So what have we learned about the simulations' general accuracy?
- In 2010, the Yankees finished one game and the Rays two games shy of the average projection. The Red Sox finished off by six games, but no projection can — and no projection should — project a season like that.
- In 2009, the Red Sox finished one game better than projected, but the Yankees overperformed by seven games.
- In 2008, the projections generally punted. The Rays were 12 games better than projected, the Yankees were six games worse, and the Red Sox were three games better. Only the Blue Jays were projected more or less accurately.
- In 2007, no projection was closer than four games off of the Red Sox' ultimate record, but they pretty much nailed the Yankees'.
- In 2006, the Sox underperformed by three games, the Blue Jays overperformed by four, and the Yankees were seven games better than the average projection.
- In 2005, the projections nailed it, placing the Sox and Yankees one game off, one either side, of the clubs' ultimate first-place tie.
Of the 16 AL East teams projected over the course of the last six years, I count the number of successes (two games or fewer) at seven — a 43.8 percent success rate. As for significant misses (four games or more), I also count seven. And twice, the projections were three games off, which is right on the border between being fairly close and pretty obviously not close.
Then there's the other, arguably more important facet, which is whether they got the standings right, even if one team ended up significantly better or worse than projected. Being seven games off the Yankees' record doesn't matter nearly as much if the Yanks were expected to finish in first anyway, for example.
On that score, the projections got it right in 2005 and 2009. That's it.
They get partial credit for 2006 in correctly projecting the division winner but swapping second and third.

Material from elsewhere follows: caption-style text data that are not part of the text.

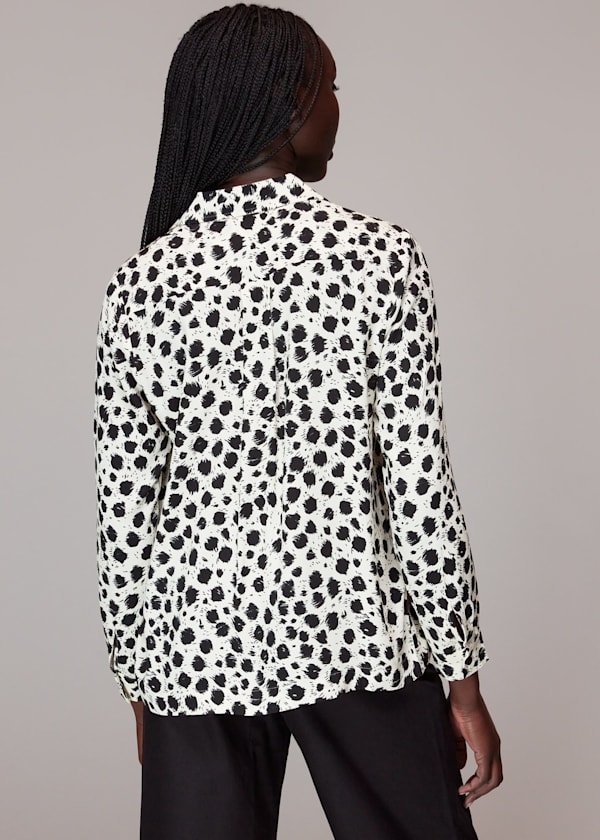 Black Brushed Dalmatian Shirt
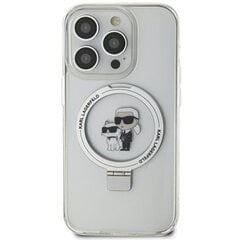 Original Pouch KARL LAGERFELD Ring Stand Karl Head MagSafe KLHMP15XHMRSKHH for Iphone 15 Pro Max White цена и информация | Чехлы для телефонов | kaup24.ee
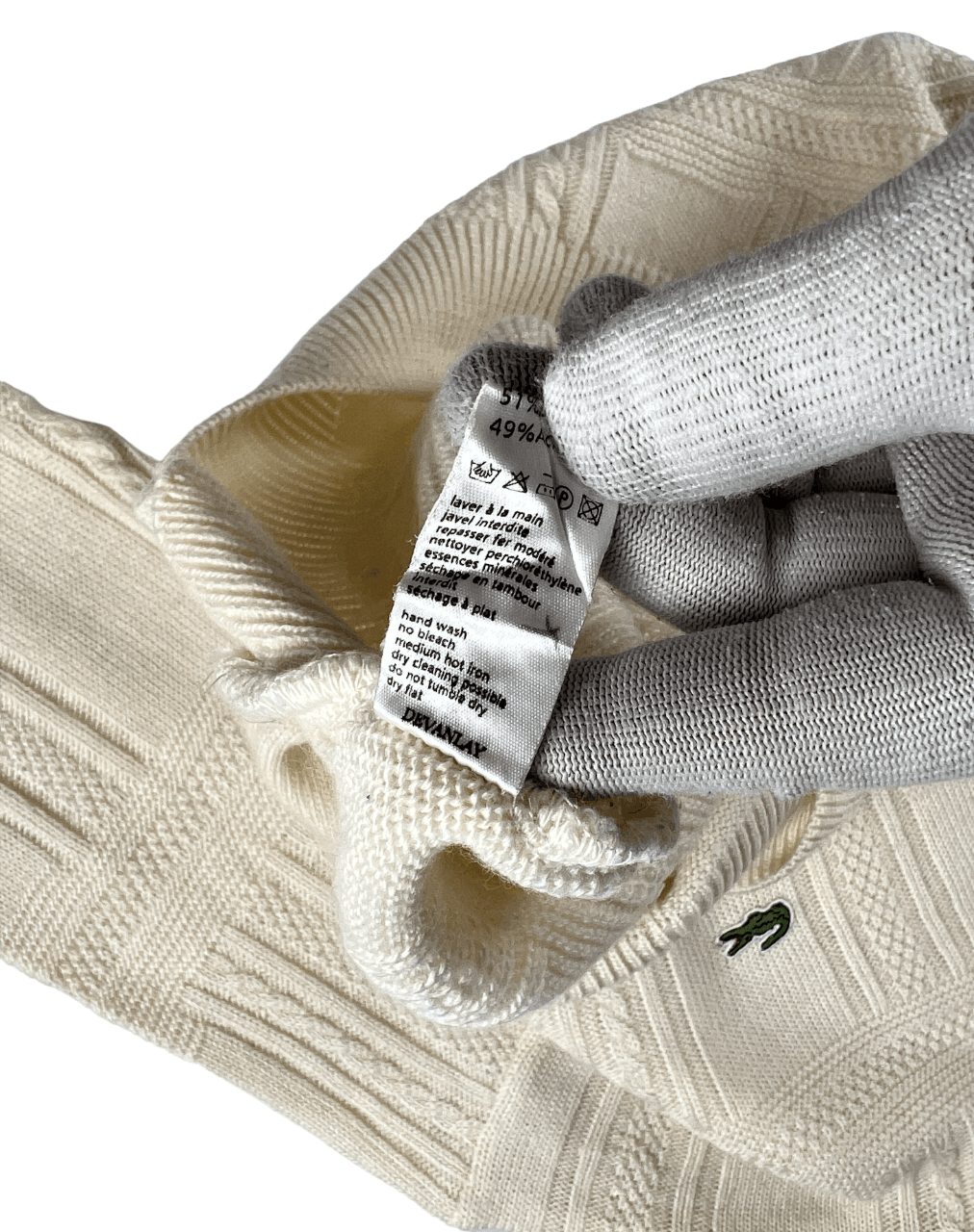 Lacoste × Vintage Vintage Lacoste Sweater s-m Size US S / EU 44-46 / 1 - 3 Thumbnail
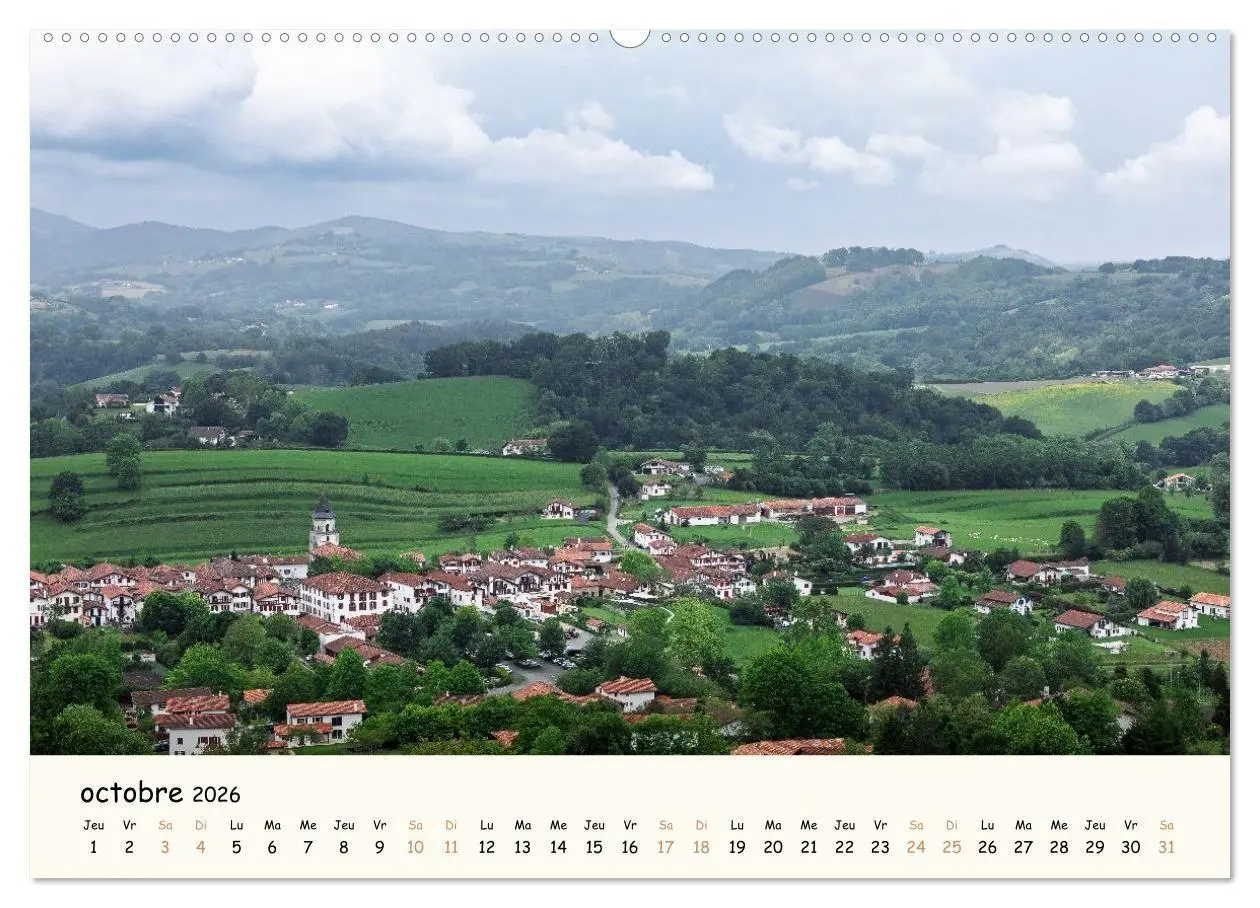 Bild: 9783516702767 | Entre monts et vagues - Une année au Pays Basque (Calendrier mural...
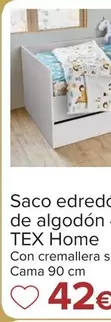 Oferta de Tex Home - Saco Edredon Nordico De Algodón 4 Piezas por 42€ en Carrefour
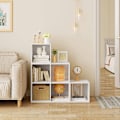 Miniatyrbillede 2 af 6: Rootz White Reol - Opbevaringshylde - Vitrineskab - Fleksibel konfiguration - Overlegen holdbarhed - Nem montering - 90 cm x 90 cm x 30 cm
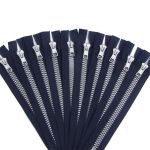 Молния трактор Arta Т6 (6 мм) 1 зам., н/раз., 18 см, Decor, цв. 044 т.синий / 991 алюминий, уп.10 шт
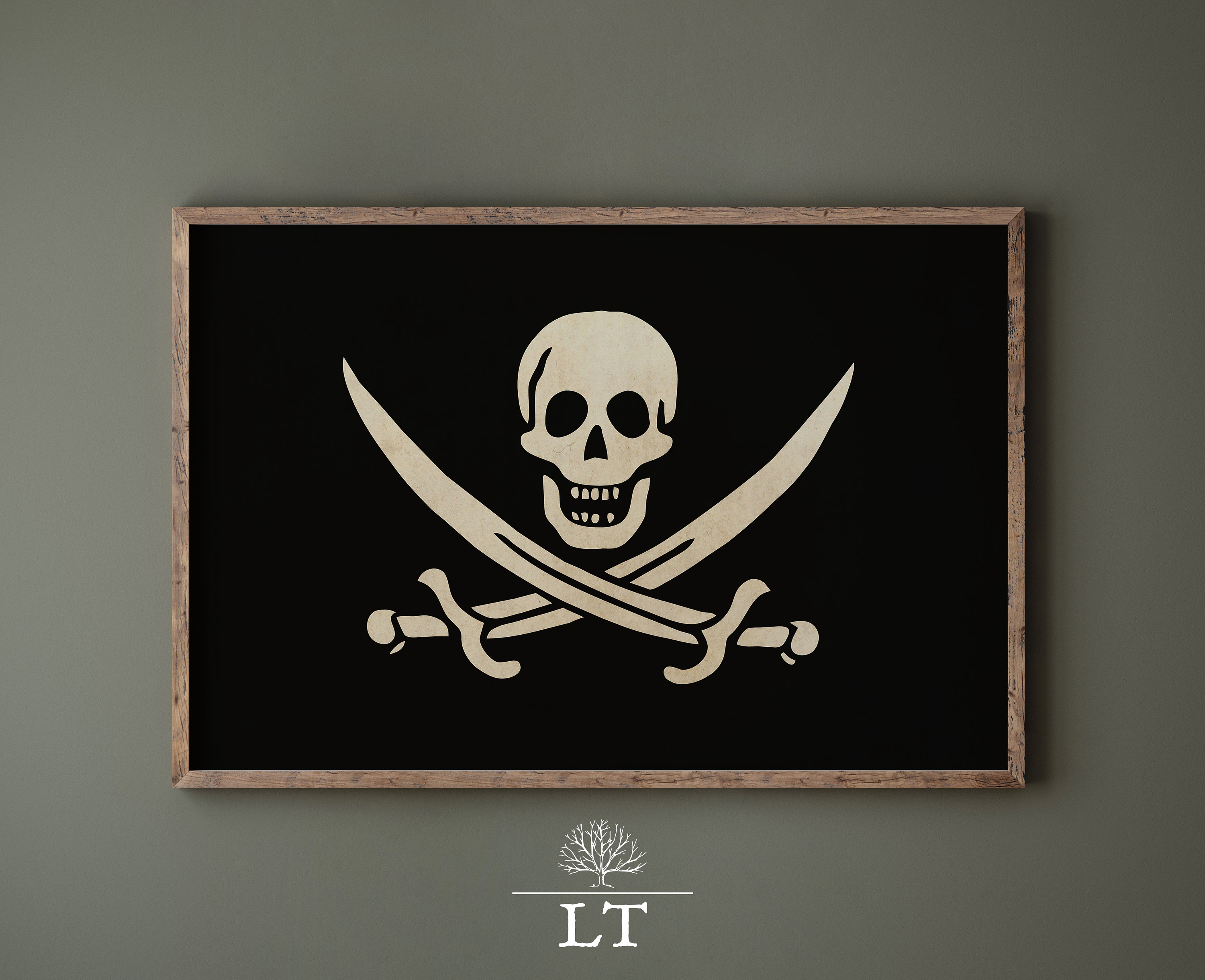 Bandiera Pirata Jolly Roger Di Calico Jack Rackham 3x5 Piedi In Poliestere - Trade Winds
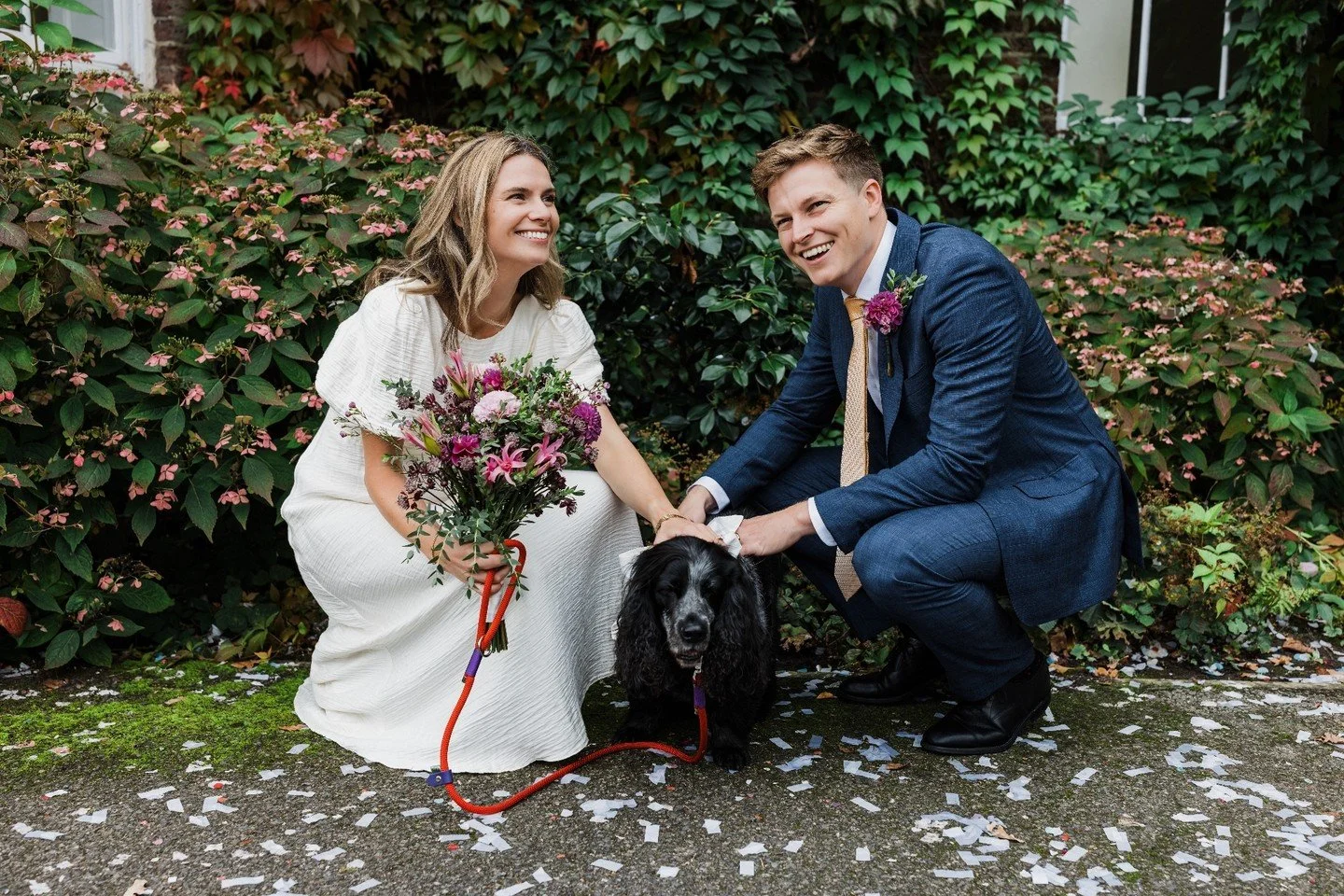 Bringing your fur babies on your wedding day can add that personal touch. Remember even can normally fit in to some parts of your day even if it&rsquo;s just after your ceremony or during your reception drinks.

#romanticweddingphotography #candidwed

They missed entirely in 2007, 2008 (though correctly projecting the Sox to finish second, I don't count it as a success if you miss on the first- and third-place teams) and 2010, when all three teams finished differently than projected.
So successful, or at least correctly projecting the division winner, three times, missing the boat three times. Taking that with the roughly 50/50 success rate in terms of raw record projection, it seems we can be about 50 percent certain of the projections being correct in any given season.
As Hudson noted on one of the previous threads, it seems like we could randomly pick two numbers between 92 and 98, then assign the higher number to the Yankees and the other to the Red Sox, and we would have just as likely a chance at correctly projecting the AL East as 1,000 simulations of whatever top-flight projection systems are out there today.
If we did that, we would get it right in 2005 and 2009, get the division winner correct in 2006, and miss it entirely in 2007, 2008 and 2010. Just like the projections.
But that doesn't make them any less fun, which of course is the entire point.